Mais on ne va pas cracher dans la soupe; j'ai tendance à rechercher des résultats immédiats. Les filles qui m'accompagnaient, elles, sont formées dans l'action à petite échelle, dans l'intervention par groupuscule, dans le caring, le mentorship qui change le monde, le cas-par-cas, "le renforcement des capacités", l'empowerment par exemple, propulsées par une quête personnelle et apôtres de l'effet papillon.
"Moi, je veux agir à un niveau micro pour ne pas devenir cynique", m'a confié Myriam Fehmiu, chargée du vidéo institutionnel du CECI. "C'est seulement par là que je peux faire une différence."Ces filles là ne seront jamais décorées par le Gouverneur général du Canada. Encore que je les verrais bien recevoir l'Ordre du Canada des meilleures Poune. Patientes, généreuses, disponibles, pas du tout féministes-activistes-révolutionnaires-blabla-stérile qui se baladent avec leur diva cup comme signe de ralliement sur leur sac à dos. 

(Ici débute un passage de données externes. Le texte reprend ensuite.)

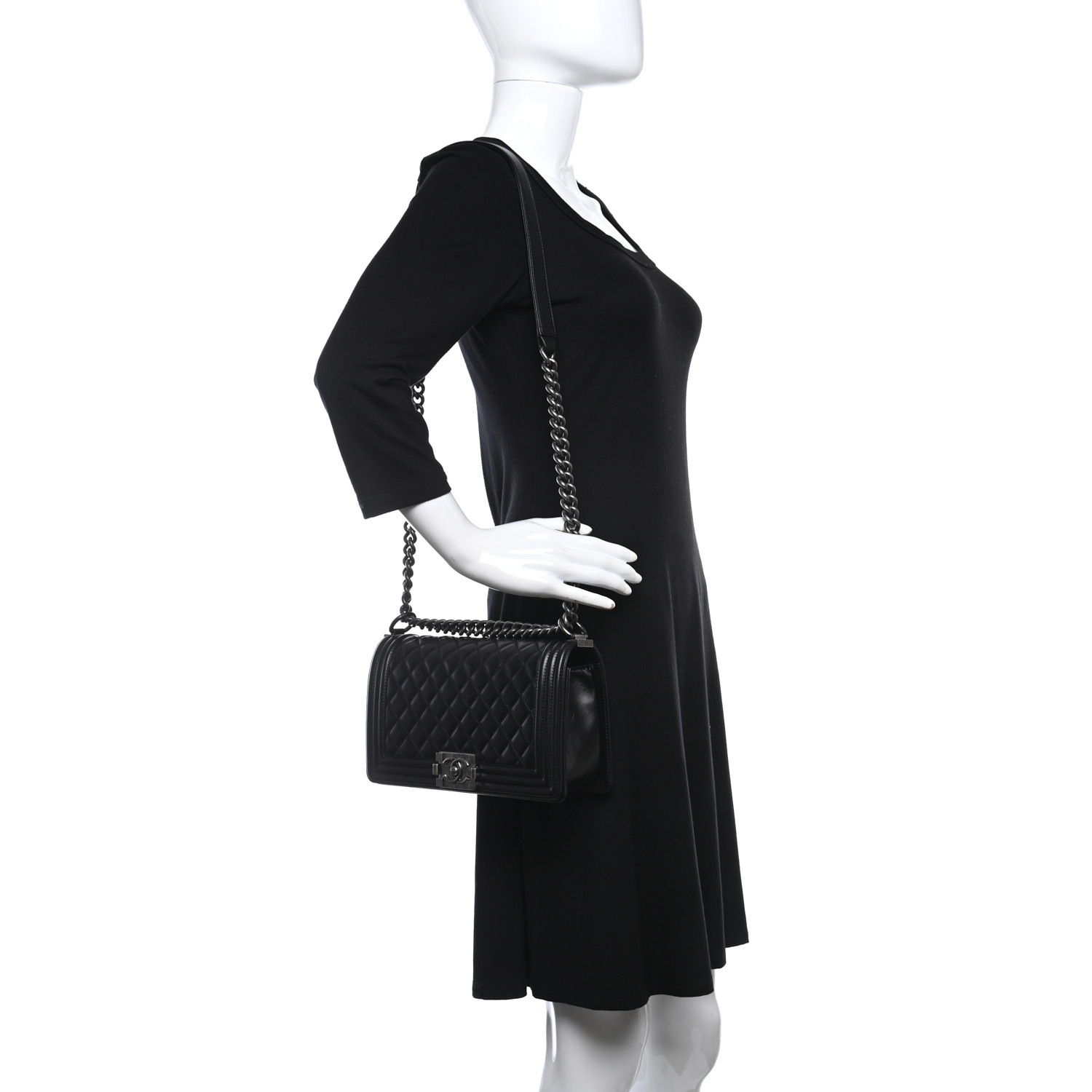 Caviar Quilted New Medium Boy Flap Black-gold buckle - FrasersFashion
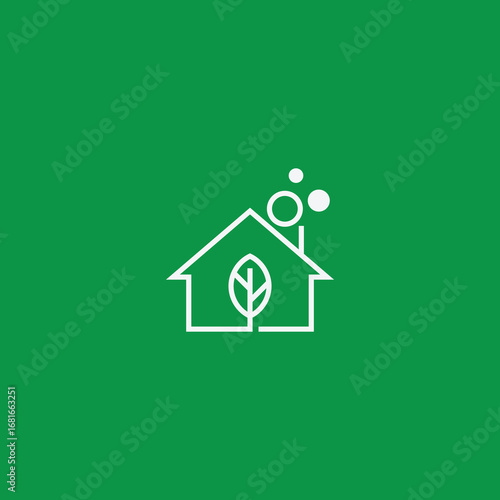 An eco-friendly logo of a house with a leaf coming out of the chimney. Great for sustainable living, green energy, or environmental companies.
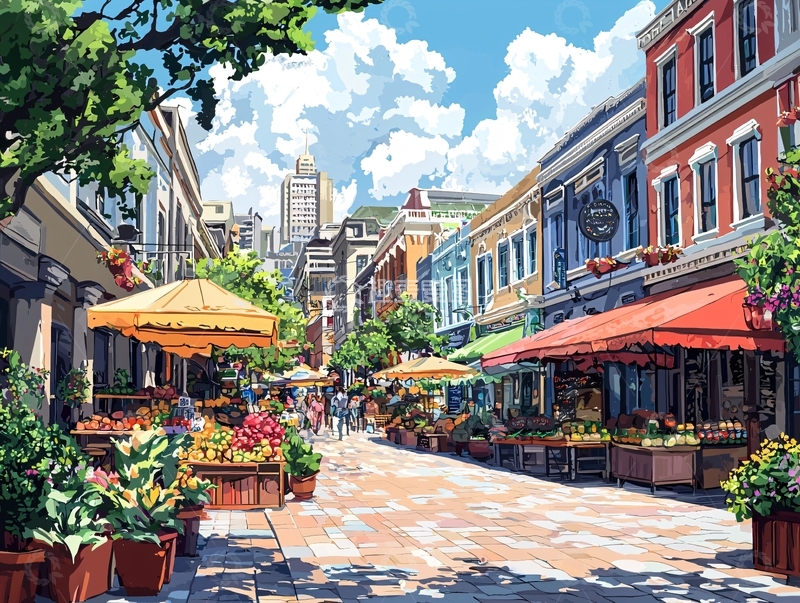 高清大图下载【趣麦麦图】阳光下的街道集市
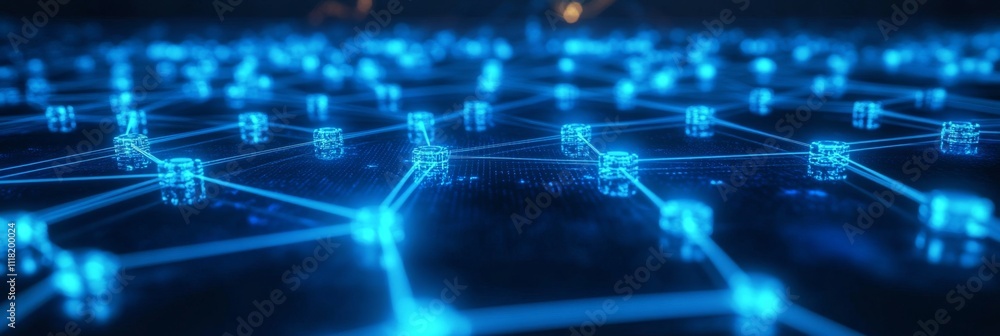 Poster futuristic digital network with glowing blue nodes and interconnected lines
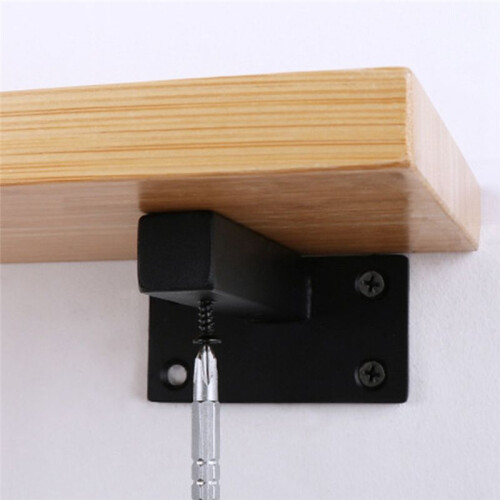 2Pcs Wall Shelf Iron Support Heavy Duty Floating Bracket Black Board Home Office Kitchen Storage Rack Shoe Ledge 2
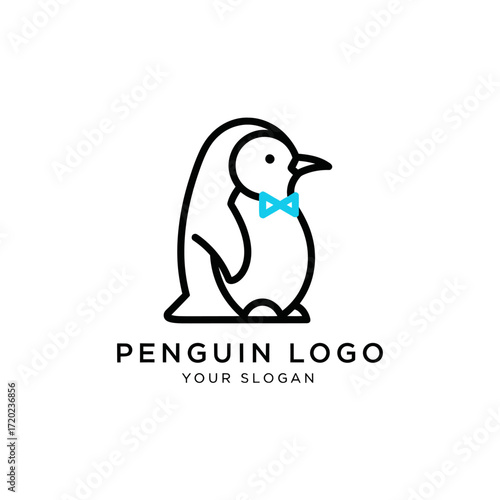 A minimalist penguin logo with a blue bow tie, rendered in a simple, clean line art style on a white background.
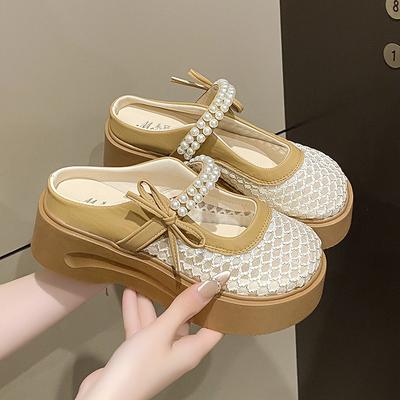 Французский сказочный стиль премиум чувство голова маффина крутые тапочки лето новый бант жемчуг платформа сетчатые сандалии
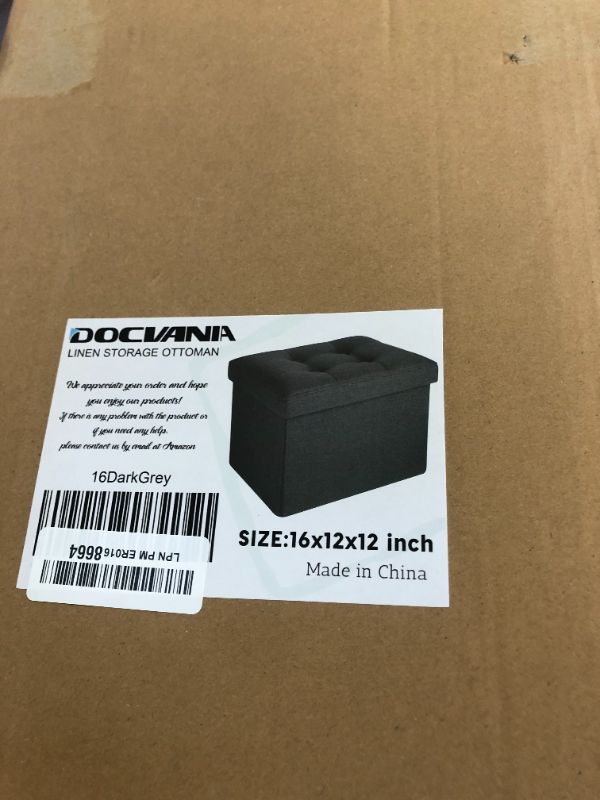 Photo 1 of Docvania Ottoman Storage Ottoman Foot Rest Stool Foldable Bench with Storage Student Dormitory Bedroom and Entryway 16 X 12 X 12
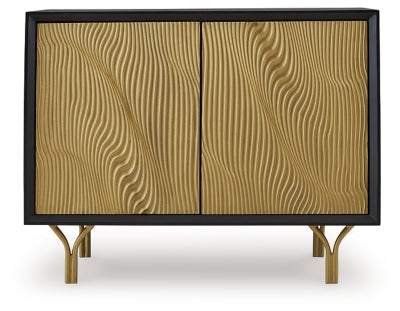 Tayner Accent Cabinet - Black/Gold Finish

Des filles ordinaires mais sans fadeur --plutôt le contraire--, avides de faire bouger les choses dans le quotidien, au jour le jour, dans le concret. Des filles qui jouent volleyball et à la marelle avec des gamins népalais en se levant le matin, nu-pieds, avant d'enfiler leurs bottes pour aller affronter des montées qui n'ont rien à voir avec une ballade au mont Saint-Hilaire.
Davantage que les neiges éternelles, plus que les Népalais qu'elles qualifiaient de "relationnels", ce sont elles qui m'ont impressionnées. Tout simplement parce que j'ai pu mesurer le chemin qu'elles avaient parcouru et l'abîme culturel qui les séparaient de ces communautés perdues auxquelles l'Occident vient tendre la main du progrès tout en oubliant que le progrès, ça vient parfois avec des antidépresseurs, des dettes pis une télé pour s'oublier dedans.